Dans un pays où l’opposition traditionnelle a été ternie par l’apathie publique et les contenus médiatiques pro-Kremlin, ces artistes crient leurs revendications dans une action forte, à la limite de l’humour absurde ou du visuellement supportable, oscillant entre laideur et non-sens. « Nous détestons les flics mais si nous les attaquions simplement comme ça, ils nous emprisonneraient immédiatement, alors nous cachons notre haine derrière l’art. Ils ne peuvent donc pas nous avoir et nous atteignons notre but plus rapidement. » explique Kotyonok, membre de Voïna.

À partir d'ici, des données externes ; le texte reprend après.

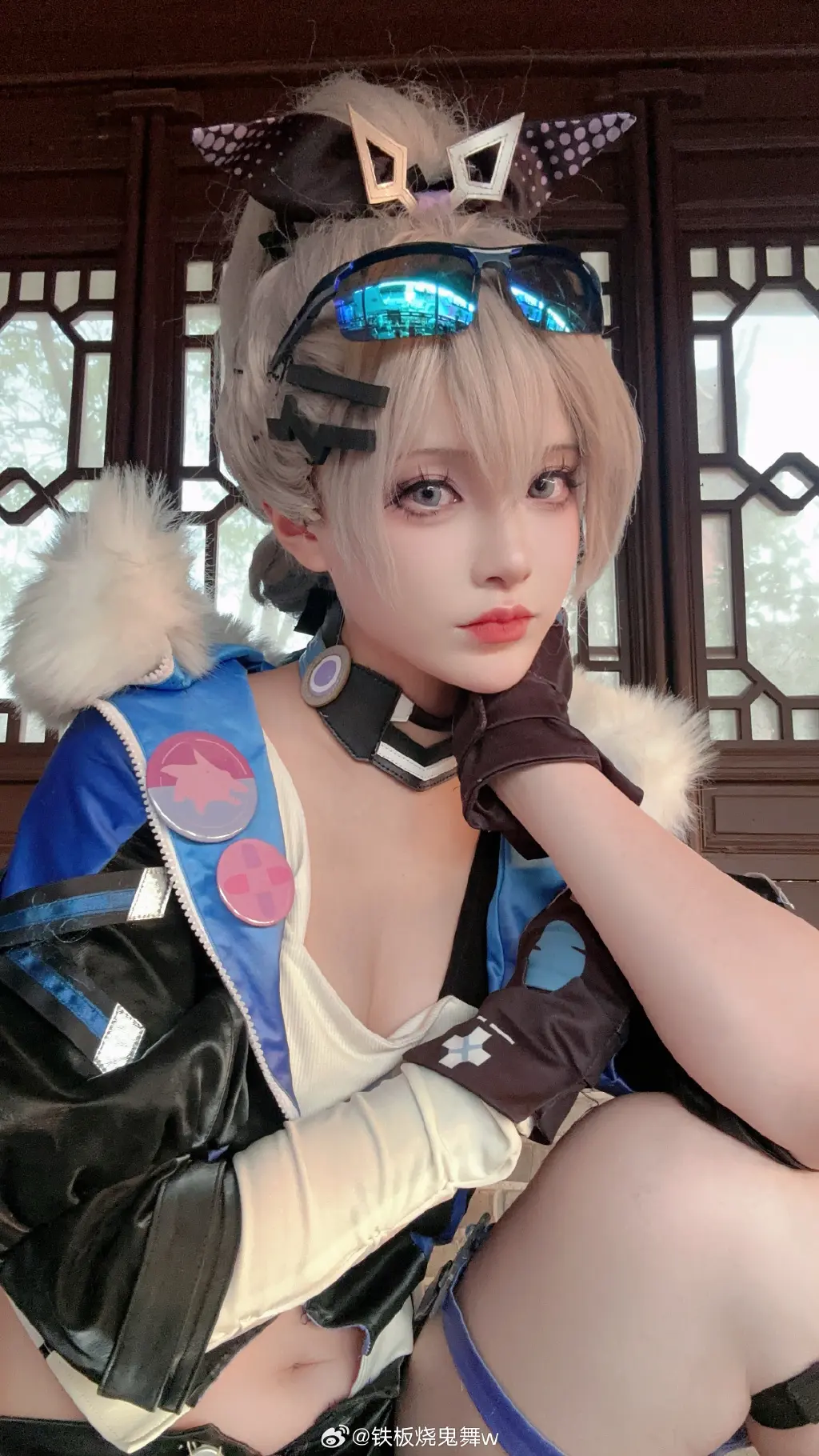cosplay P了就没有不发的道理，终于cos银狼了 崩坏星穹铁道@铁板烧鬼舞w COSPLAY-第3张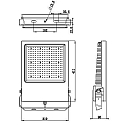 Deko-Light Outdoor LED floodlight ATIK, IP65 / IP44, 152W, 4000K 21350lm 110�, black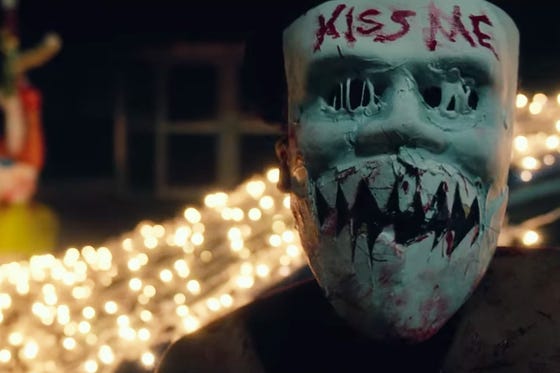 Freak Bride (Brittany Mirabile) preps to get her Purge on in "The Purge: Election Year," a 2016 Universal Pictures release from writer-director James DeMonaco. Freak Bride (Brittany Mirabile) preps to get her Purge on in "The Purge: Election Year," a 2016 Universal Pictures release from writer-director James DeMonaco.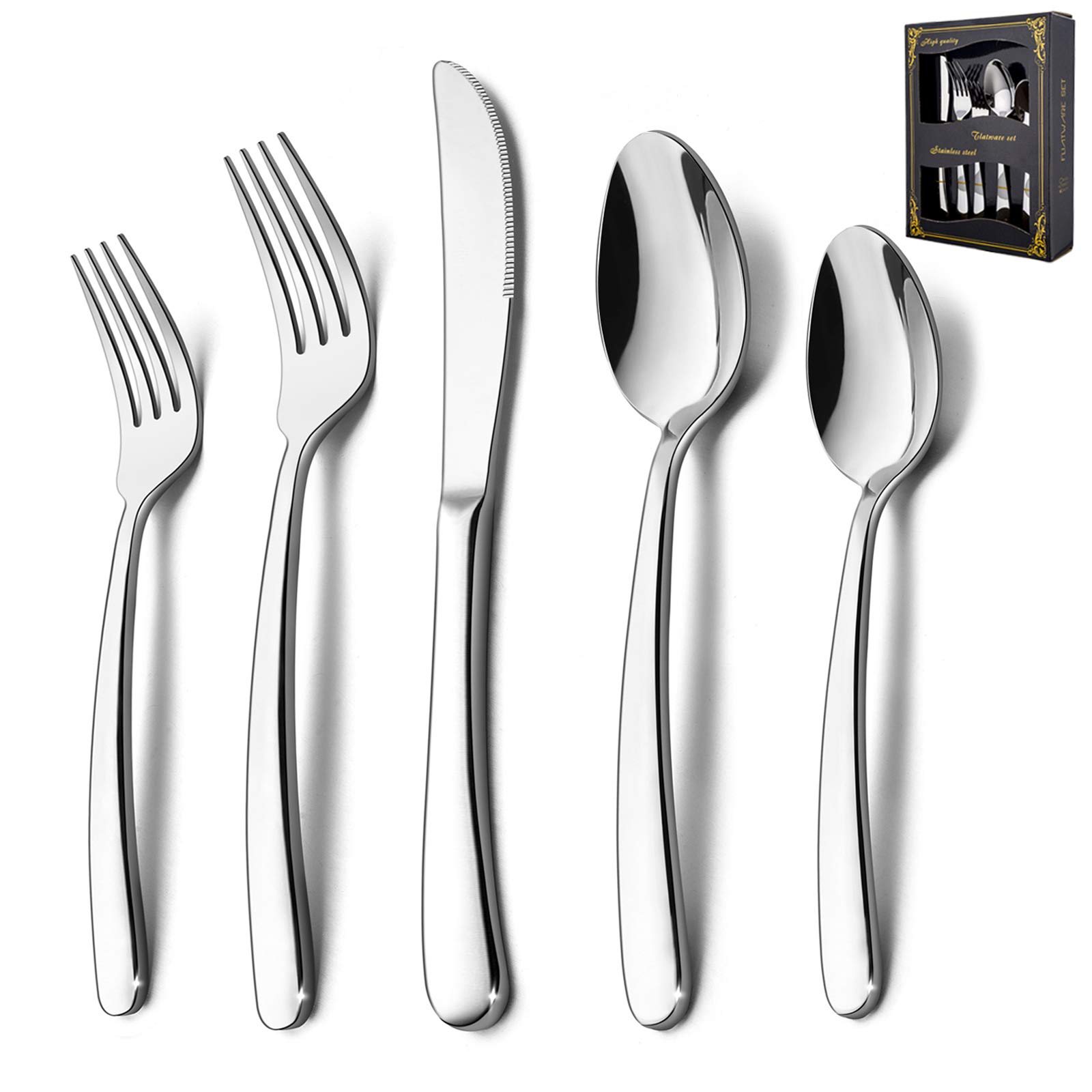 Stainless Steel Flatware Sets High Quality 20 Pieces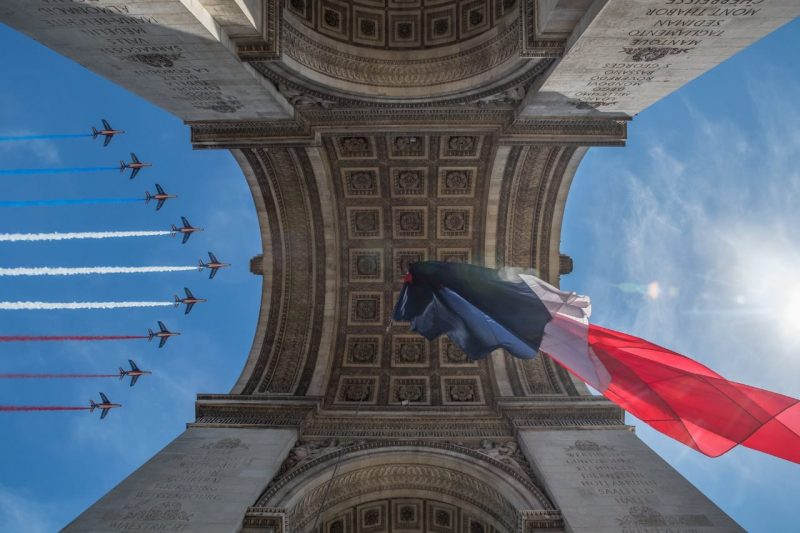 La patrouille de France le 14 juillet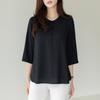 Dedra Summer Version Stacon Collar Blouse [the Black] Tbe3209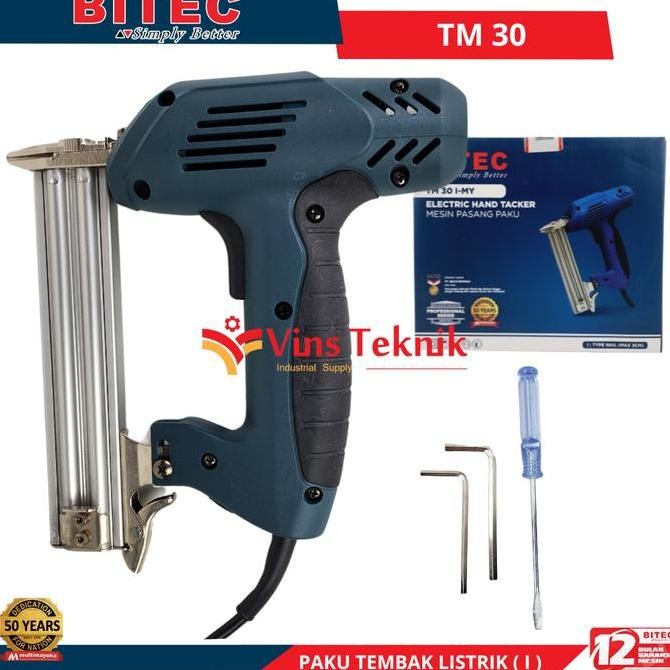 

Promo Mesin Paku Tembak Listrik Tacker F30 TM 30 Bitec TM30 COD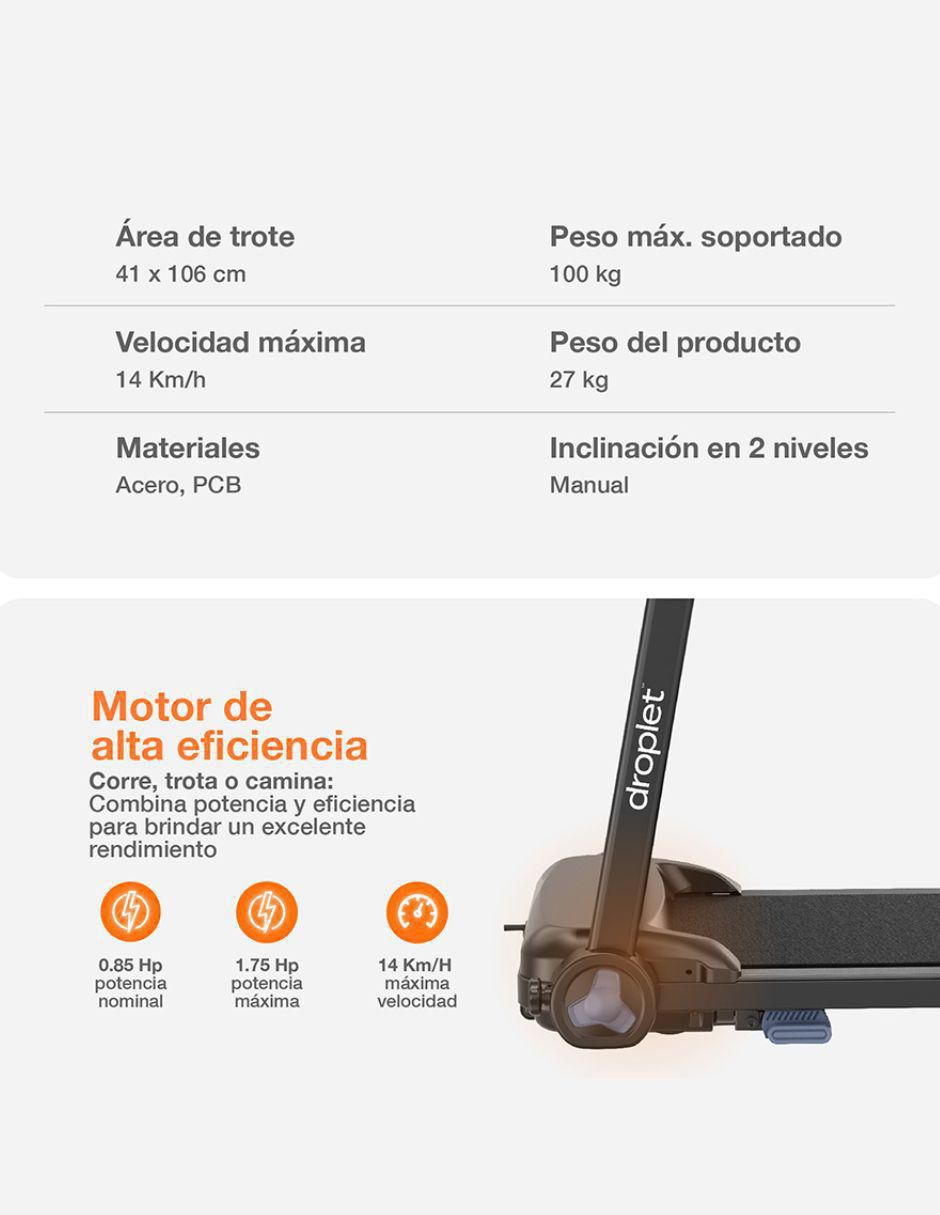 Caminadora casera rn320 plegable 16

Il s’agit en effet de mêler art et politique afin de parvenir à enfreindre les lois et assiéger les barrières. Ces happenings ou performances illicites semblant insaisissables alimentent le débat social lorsqu’elles s’emparent de ses normes afin de les détourner et les réinjecter dans l’espace public pour mieux le sonder. Dans une société où la consommation et la visibilité sont prégnantes, les enjeux de la subversion ont un impact puissant. Ces principes nous rappellent ainsi les mouvements activistes féministes des années 1960-1970 ou les actionnistes viennois. « Personne ne demande de permission et ils ne coordonnent pas vraiment leurs actions bien que leur mise en application nécessite un nombre d’engagés suffisamment large. Dans cet aspect, on pourrait parler d’un collectivisme impliquant le travail personnalisé de plusieurs communautés.» observe V.T, photographe à Saint-Pétersbourg.

La méthode Voïna

La méthode de Voïna, l’un des groupes d’artistes activistes actuels les plus célèbres et radicaux, hérite quant à elle du Conceptualisme de Moscou qui commence dès les années 1970 et dont les actions devaient être menées dans le secret face à la nature répressive de l’état soviétique. Ce n’est que durant la perestroïka de Mikhail Gorbachev que l’état estompe virtuellement sa censure et son contrôle sur les arts et que les créateurs peuvent réaliser leurs événements au sein de l’espace public.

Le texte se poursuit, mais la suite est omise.